1.5 cups salt to a quart of water and 6# meat is going to be pretty salty. Hope it works out. 1/4” per day per side is about what cure travel is, with the salt you have in there, I’d pull it at about 7 days, no longer. Belly is a bit different because of the fat content. Fat contains only about 10% water so cure travels much slower through fat veins. The brisket flat is muscle with no fat marble or vein, so the cure will drive nicely and that heavy salt will speed the process up.


----------



## GrumpyGriller (Jan 30, 2022)

SmokinEdge said:


> 1.5 cups salt to a quart of water and 6# meat is going to be pretty salty. Hope it works out. 1/4” per day per side is about what cure travel is, with the salt you have in there, I’d pull it at about 7 days, no longer. Belly is a bit different because of the fat content. Fat contains only about 10% water so cure travels much slower through fat veins.

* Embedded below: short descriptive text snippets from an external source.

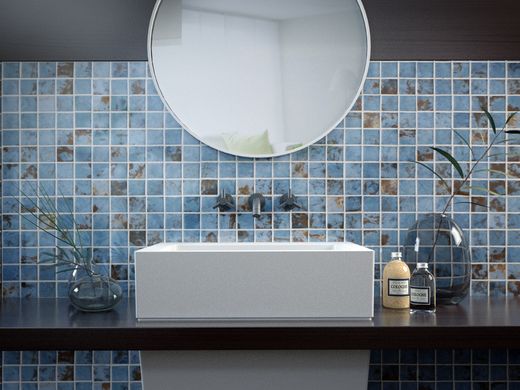 Inkfinity Vita Trevi Gloss 5x5 mosaic tile box 2m2 20 pieces Togama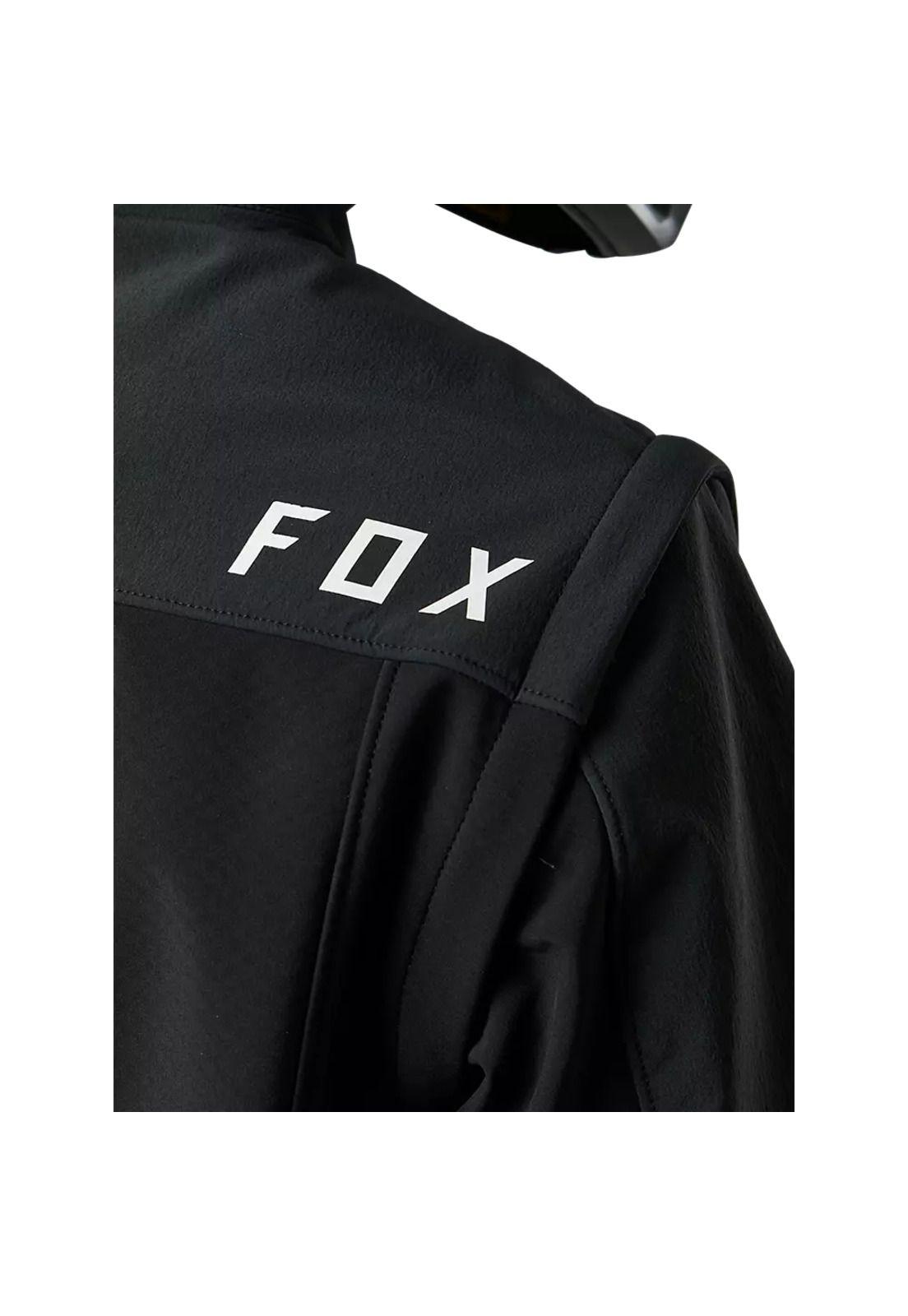 Chaqueta Moto Softshell Ranger Offroad Negro Fox-9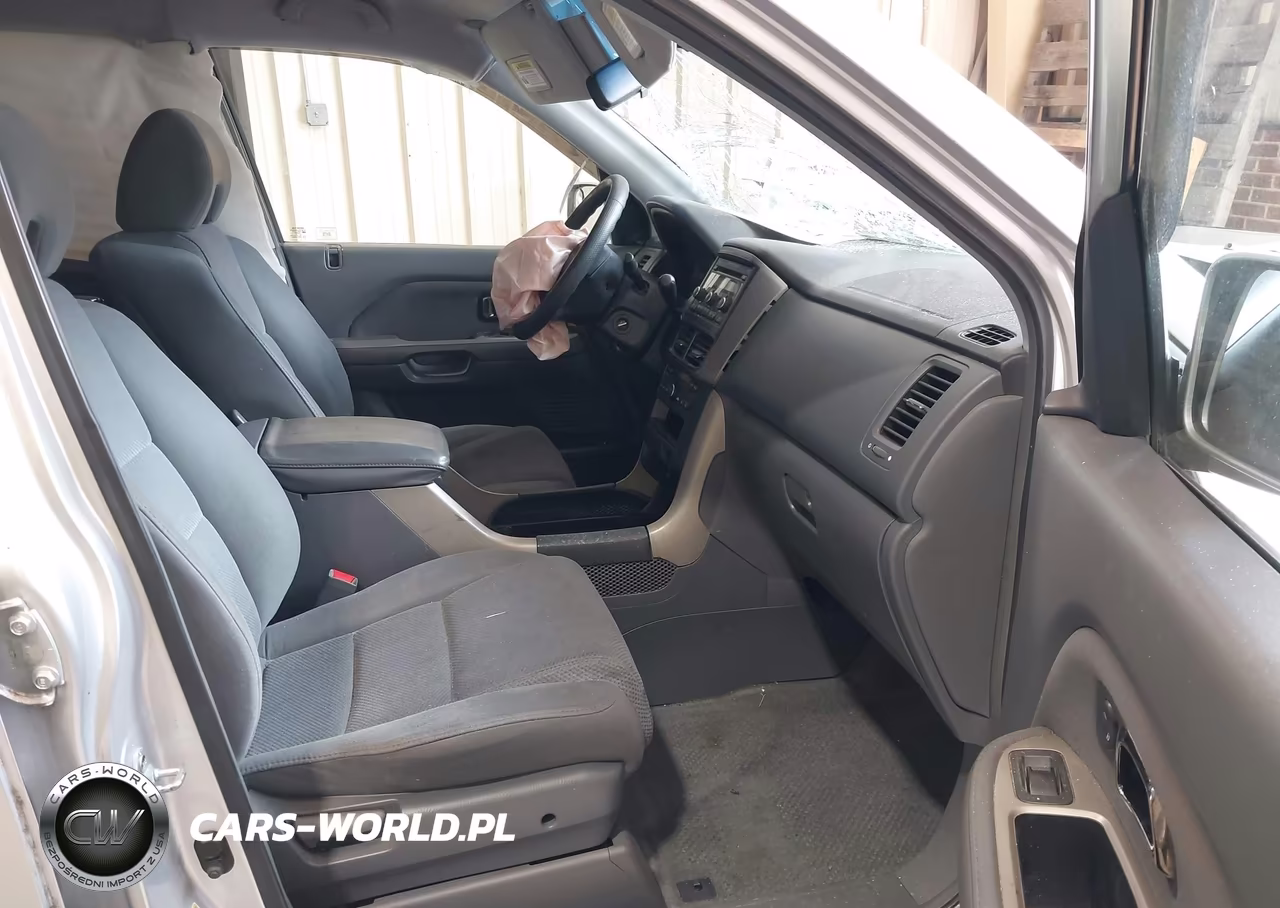 2006 Honda Pilot Ex VIN:5FNYF18426B013213 - 5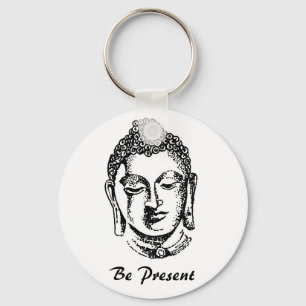 Be Present Key Ring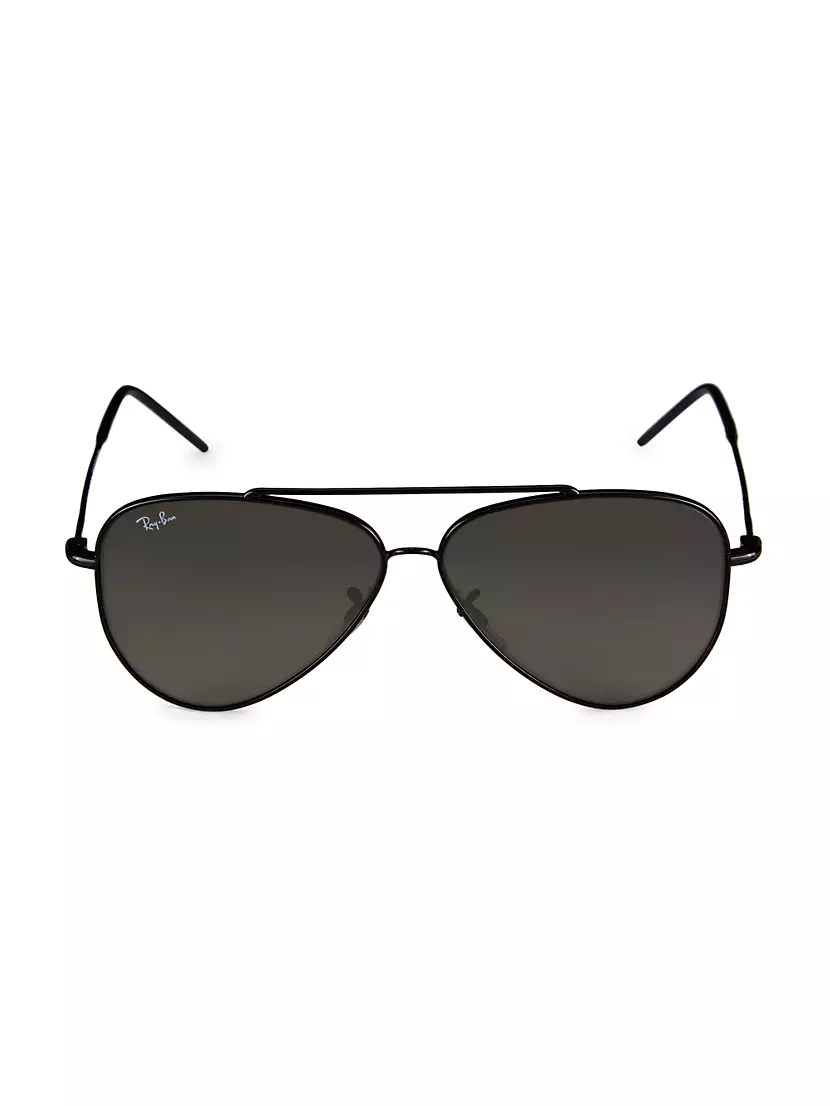 RBR0101S 59MM Inverted Aviator Sunglasses Ray-Ban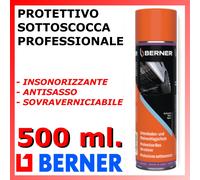 SPRAY PROTETTIVO NERO SOTTOSCOCCA ANTIROMBO BODY INSONORIZZANTE ANTISASSO AUTO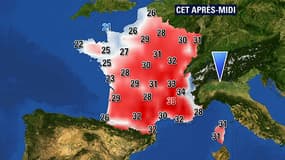La météo de ce vendredi 9 août 2019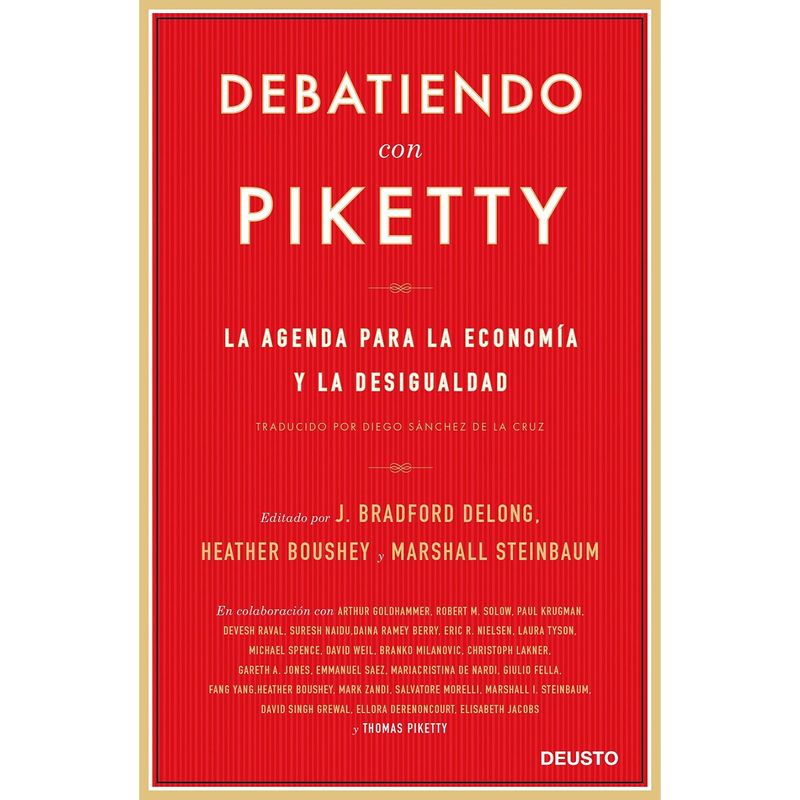 Deusto - Debatiendo Con Piketty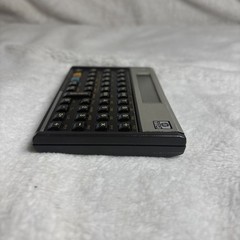 HP 11C Vintage Calculator Bundle PASSED INTERNAL DIAGNOSTICS w/ Manual And Case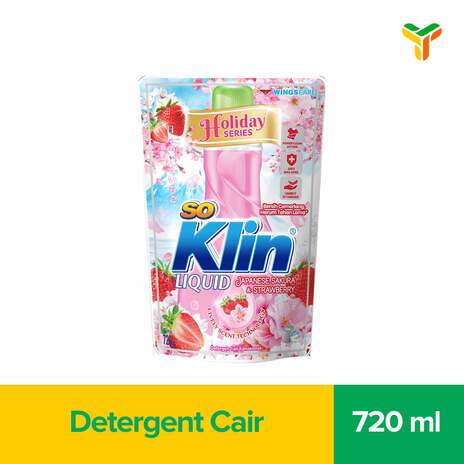 SO KLIN LIQ DET SAKURA REF 720ML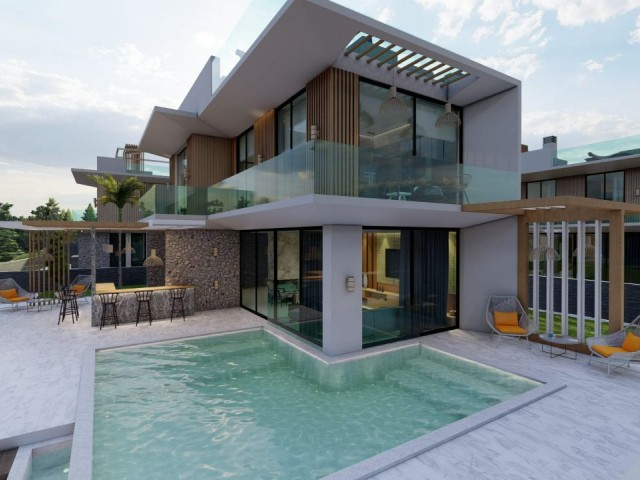 ULTRA LUXURY VILLAS FOR SALE IN ISKELE BOSPHORUS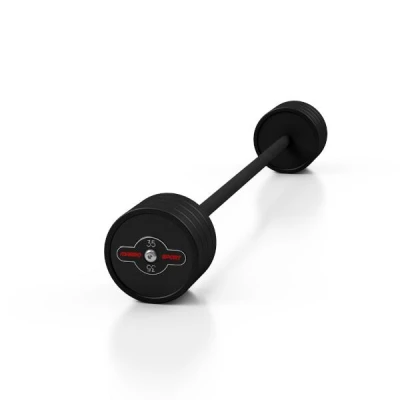 MARBO MW-SG-35 35 kg černá rovná obouruční činka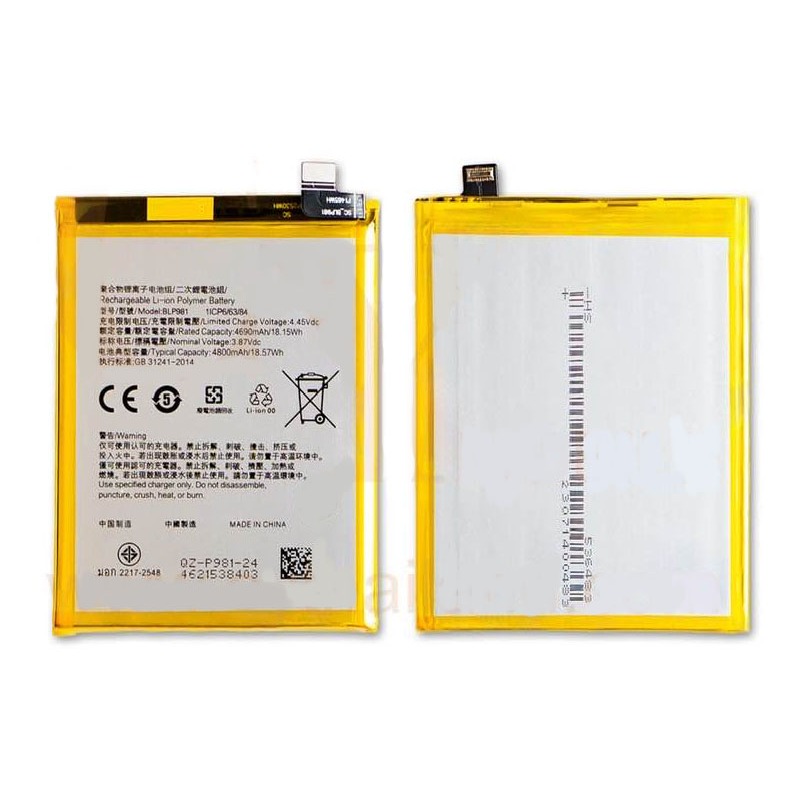 แบตเตอรี่ Oppo Reno 8T (5G) BLP981 รับประกัน 3 เดือน แบต Oppo Reno 8T (5G)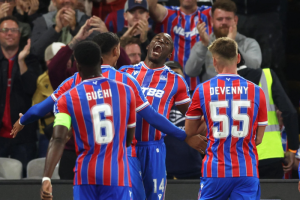 มาเตต้าโขก! ‘พาเลซ’ เฉือน 1-0 ชนะเกมยุโรปครั้งแรก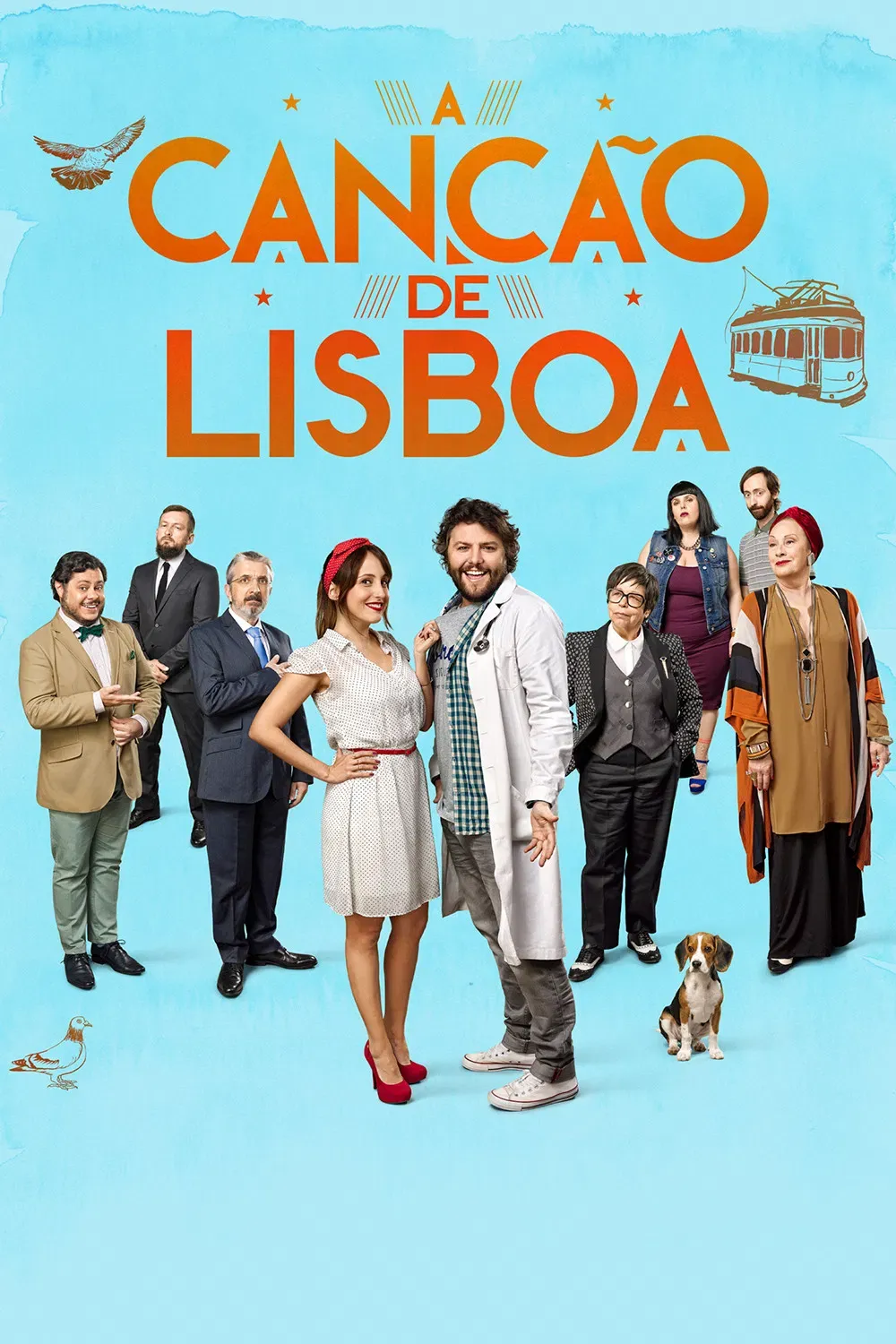 Poster of the movie A Song of Lisbon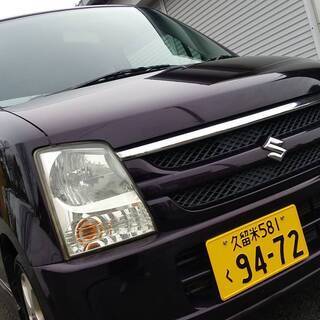 車検2年付！ワゴンＲリミテッド！乗って帰れます！８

The brisket flat is muscle with no fat marble or vein, so the cure will drive nicely and that heavy salt will speed the process up.



Maybe I didn't write it up clearly - it's 3 qts water total plus 1 qt apple juice  with a total of 1.5 cups salt.


----------



## SmokinEdge (Jan 30, 2022)

TheGrumpyGriller said:


> Maybe I didn't write it up clearly - it's 3 qts water total plus 1 qt apple juice  with a total of 1.5 cups salt.


Oh I got ya. So yeah, with a gallon of liquid that sounds much better. Depending on what type salt you used (big difference in volume between granulated salt and kosher salt) with granulated salt you have about a 25* SAL brine. If you used kosher salt it will be closer to a 20* SAL brine (weaker).
This is why I apply salt by percentage to meat weight. Matters not the type of salt used because it’s by weight, volumes ma change but sodium content will be same by weights.


----------



## GrumpyGriller (Jan 30, 2022)

SmokinEdge said:


> Oh I got ya. So yeah, with a gallon of liquid that sounds much better. Depending on what type salt you used (big difference in volume between granulated salt and kosher salt) with granulated salt you have about a 25* SAL brine. If you used kosher salt it will be closer to a 20* SAL brine (weaker).
> This is why I apply salt by percentage to meat weight. Matters not the type of salt used because it’s by weight, volumes ma change but sodium content will be same by weights.


Whew.... it was kosher salt.  Would you still suggest 7 days?


----------



## SmokinEdge (Jan 30, 2022)

TheGrumpyGriller said:


> Whew.... it was kosher salt.  Would you still suggest 7 days?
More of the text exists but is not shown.